#### DATASET SECTION:
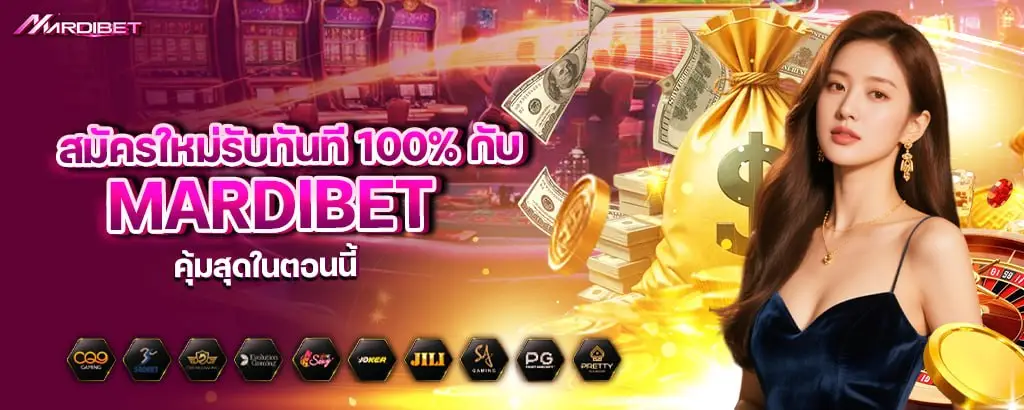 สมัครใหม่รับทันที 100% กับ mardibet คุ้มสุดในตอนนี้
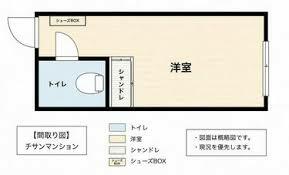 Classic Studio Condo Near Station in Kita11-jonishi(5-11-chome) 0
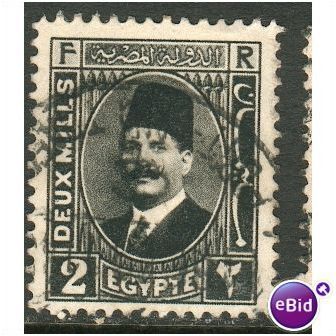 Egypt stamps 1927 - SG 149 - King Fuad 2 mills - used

#### TASK REQUIREMENTS:
Would you please give the material above again, unchanged but without pictures?

#### ANSWER TO THIS PROBLEM:
 สมัครใหม่รับทันที 100% กับ mardibet คุ้มสุดในตอนนี้
 Classic Studio Condo Near Station in Kita11-jonishi(5-11-chome) 0
 Egypt stamps 1927 - SG 149 - King Fuad 2 mills - used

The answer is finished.